Unnamed: 0,index,q,powerloss,f,vout,iout,pa,prx,bty_temp,chnl,ce_pkg,rpp_pkg,ss_pkg,location
0,0,0.655,0.230471,0.815000,0.4375,0.428064,0.325077,0.555846,0.5664,0.33625,0.488196,0.771692,0.800235,0
1,2,0.475,0.449208,0.294375,0.5050,0.502956,0.089385,0.341538,0.7860,0.49875,0.610157,0.677385,0.031922,0
2,3,0.205,0.952435,0.506875,0.6550,0.578700,0.830308,0.555846,0.3628,0.85125,0.752588,0.545385,0.610078,1
3,4,0.560,0.065574,0.243125,0.7025,0.652048,0.751385,0.404769,0.0940,0.50250,0.879333,0.341538,0.299333,1
4,5,0.620,0.127662,0.681250,0.6800,0.987036,0.118769,0.949231,0.5948,0.20125,0.724549,0.620462,0.146510,1
...,...,...,...,...,...,...,...,...,...,...,...,...,...,...
1595,1994,0.405,0.978006,0.770000,0.0100,0.244508,0.703846,0.040154,0.2202,0.60875,0.016353,0.303538,0.228196,0
1596,1995,0.970,0.011367,0.008750,0.3075,0.013540,0.962615,0.341692,0.6446,0.91750,0.754941,0.846923,0.749961,1
1597,1996,0.650,0.811528,0.893750,0.0725,0.160432,0.630615,0.493231,0.1374,0.26875,0.330196,0.103692,0.776667,1
1598,1998,0.030,0.780665,0.053750,0.1925,0.432216,0.292769,0.190462,0.0680,0.05375,0.527647,0.141077,0.065098,1


## 2.2 输出特征矩阵

输出训练特征矩阵分别为：`train_X`和`test_X`，测试标签为`train_y`和`test_y`。

In [8]:
train_X = train_df[feature_key_lst].to_numpy()

In [10]:
train_X.shape

(1600, 12)

In [11]:
test_X = test_df[feature_key_lst].to_numpy()

In [12]:
test_X.shape

(400, 12)

In [13]:
train_y = train_df[label_key].to_numpy()
test_y = test_df[label_key].to_numpy()

# 3. 模型学习

使用`sklearn`工具库自带的机器学习模型对训练数据进行拟合，并在测试数据上测试，评价指标为`precision`,`recall`,`f1_score`,`accuracy`。

不同模型的调参方法不同，可以根据需要进行参数调整。

## 3.0 引入评价指标

In [59]:
from sklearn.metrics import precision_score,recall_score,f1_score,accuracy_score

## 3.1 线性回归模型

In [46]:
from sklearn.linear_model import LinearRegression

In [47]:
# 设置分类阈值 超过该值的分类为1
threshold = 0.5

In [48]:
model = LinearRegression()

In [49]:
model.fit(train_X,train_y)

In [50]:
pred_y = model.predict(test_X)

In [51]:
pred_test_y = np.array([1 if i>threshold else 0 for i in pred_y])

In [60]:
p_score = precision_score(test_y, pred_test_y)
r_score = recall_score(test_y, pred_test_y)
f_score = f1_score(test_y, pred_test_y)
acc_score = accuracy_score(test_y, pred_test_y)

### 测试集结果

In [70]:
print(f'Model:{model.__str__()}, Recall:{r_score:.4}, Precision:{p_score:.4} F1:{f_score:.4} Accuracy:{acc_score:.4}')

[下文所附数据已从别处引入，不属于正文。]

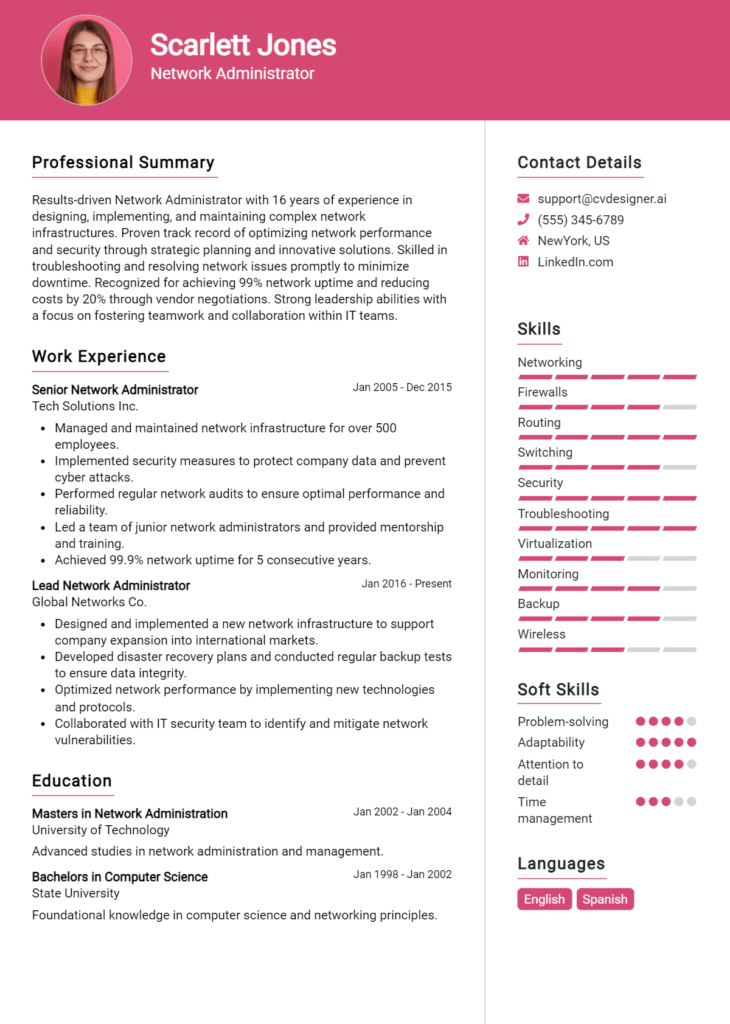 Network Administrator Resume Example for 2024: Best Tips - CVDesigner.ai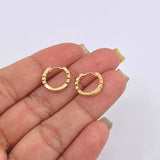Candongas Carril Ojos Huecos 2.2gr / 1/2 in / Oro Amarillo 18K *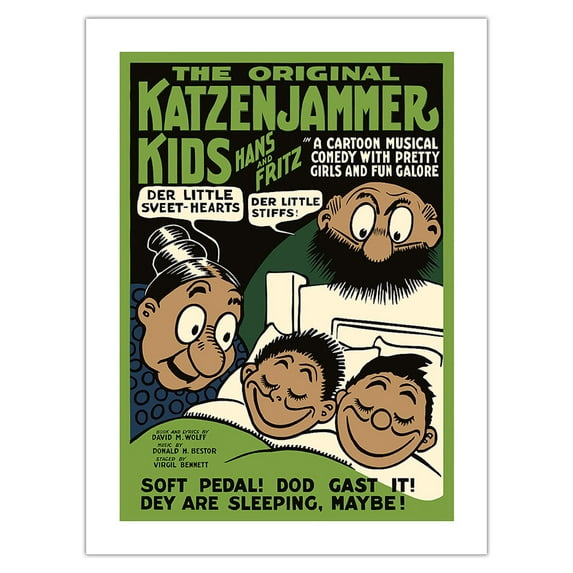 The Original Katzenjammer Kids with Hans and Fritz - Vintage Film Movie Poster c.1937 - Bamboo Fine Art 290gsm Paper Print (Unframed) 24x32in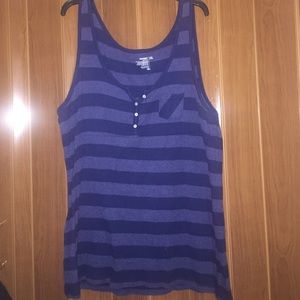 Dark Blue Striped Tank Top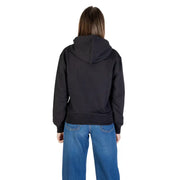 Calvin Klein Jeans womens black hooded sweatshirt with relaxed fit and ribbed cuffs
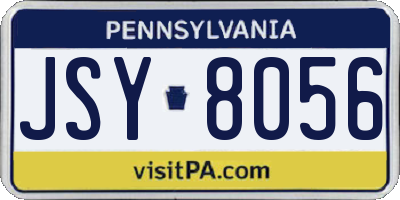 PA license plate JSY8056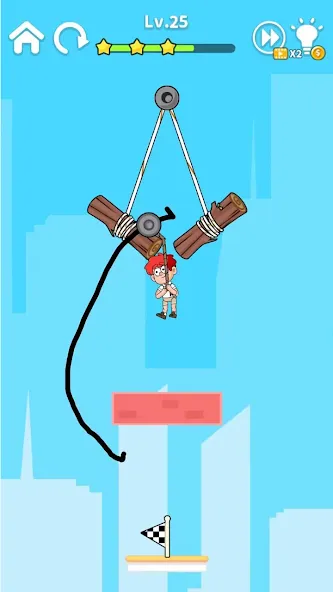 Zipline Rescue: Physics Game (Зиплайн Рескью)  [МОД Бесконечные монеты] Screenshot 5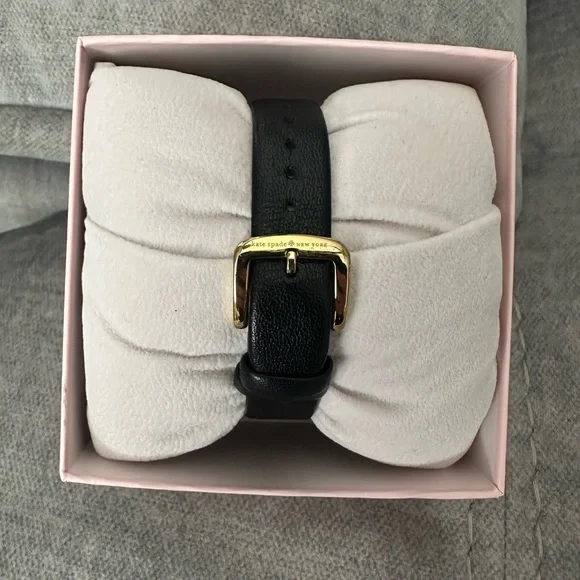 Kate Spade Black Leather Women’s Metro Monogram J Watch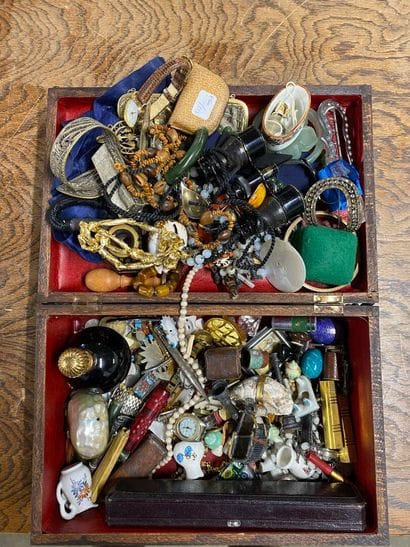 Lots of costume jewelry, soft bags, and evening...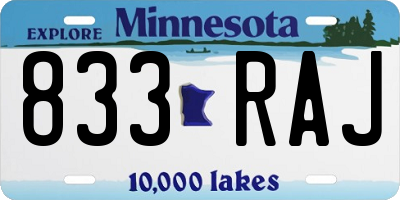MN license plate 833RAJ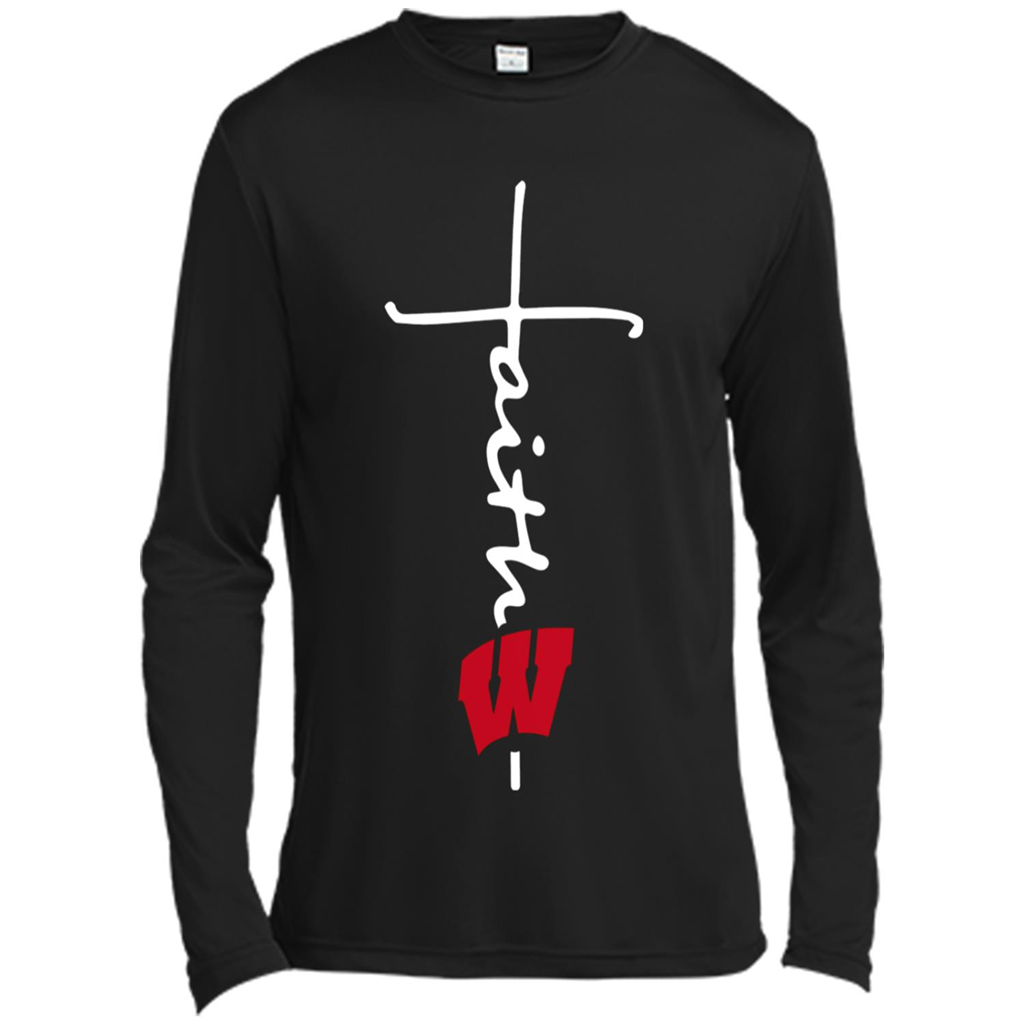 Wisconsin Badgers Football Faith Cross Christian - Canvas T-shirt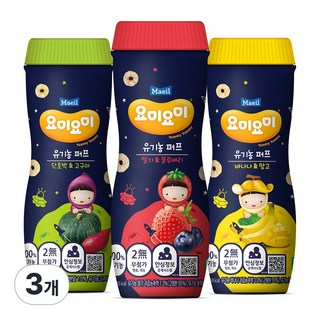매일유업 요미요미 오가닉퍼프 혼합세트[바나나망고1+딸기블루베리1+단호박고구마1], 3개, 42g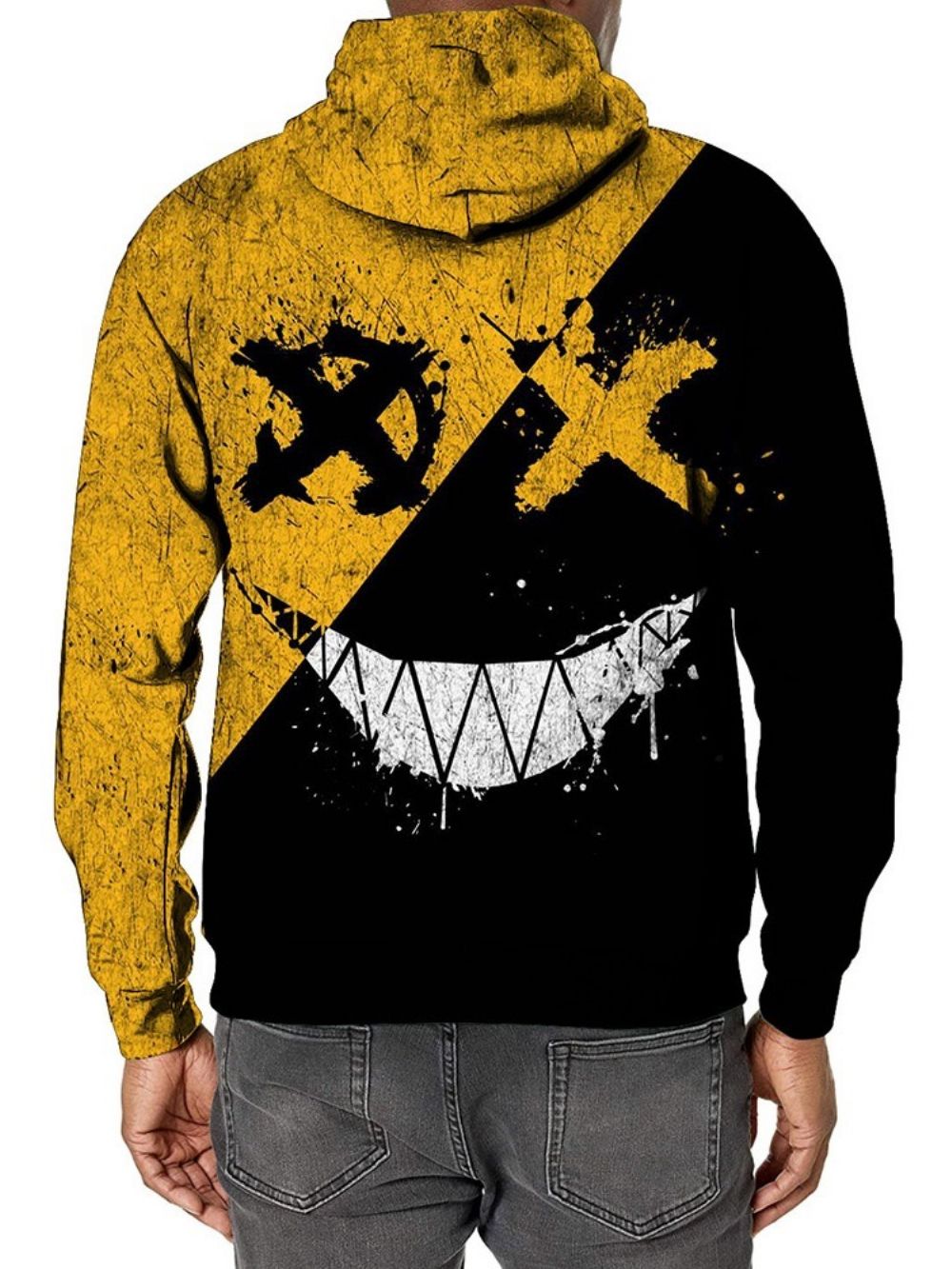 Print Pullover Color Block Losse Pullover Hoodies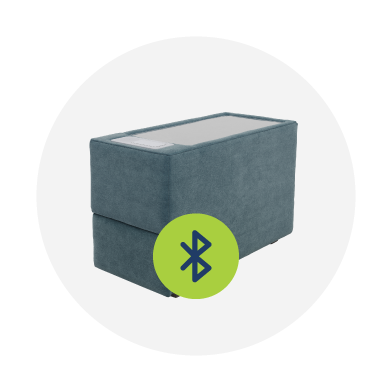 Blue rectangular device with Bluetooth icon on a white background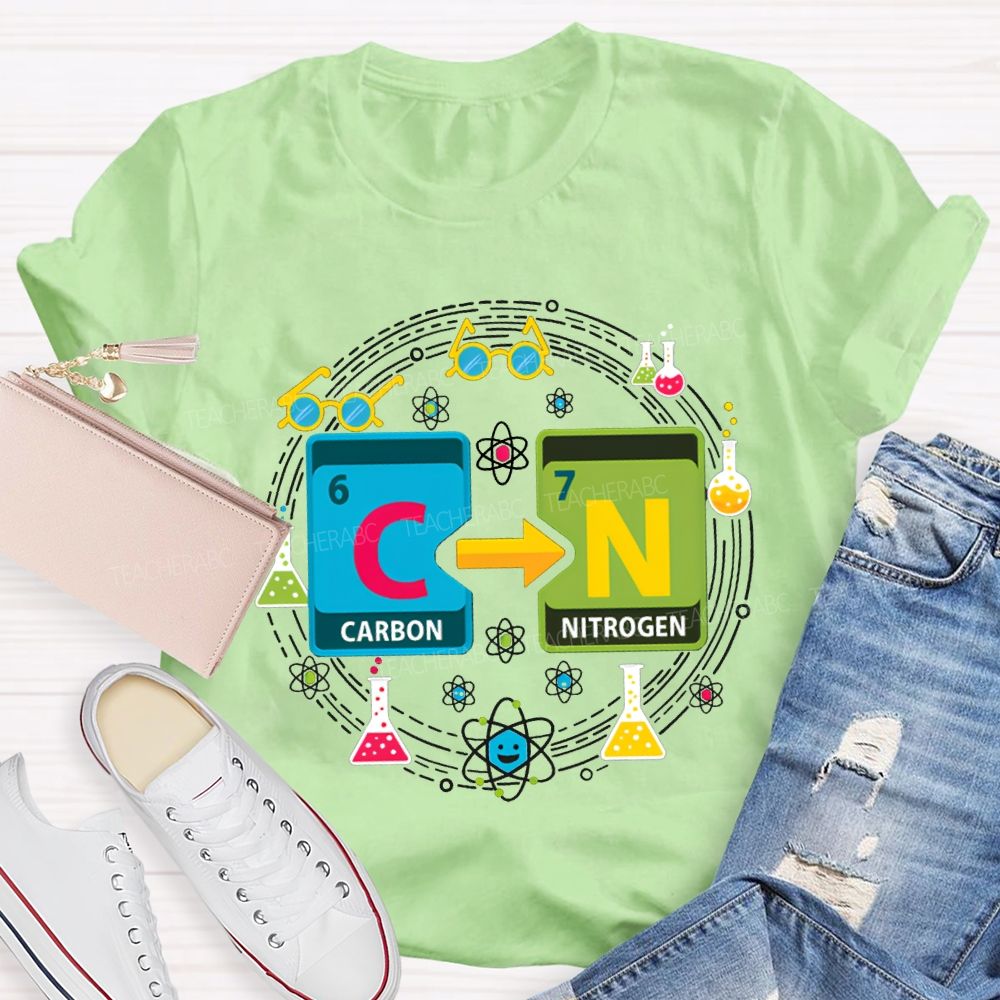 Carbon Nitrogen Science Teacher Glasses And Laboratory Flasks Teacher T-shirt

Model:LogisticRegression(), Recall:0.6133, Precision:0.4302 F1:0.5057 Accuracy:0.4575


## 3.1 逻辑回归模型

In [62]:
from sklearn.linear_model import LogisticRegression

In [63]:
# 设置分类阈值 超过该值的分类为1
threshold = 0.5

In [64]:
model = LogisticRegression()

In [65]:
model.fit(train_X,train_y)

In [66]:
pred_y = model.predict(test_X)

In [67]:
pred_test_y = np.array([1 if i>threshold else 0 for i in pred_y])

In [68]:
p_score = precision_score(test_y, pred_test_y)
r_score = recall_score(test_y, pred_test_y)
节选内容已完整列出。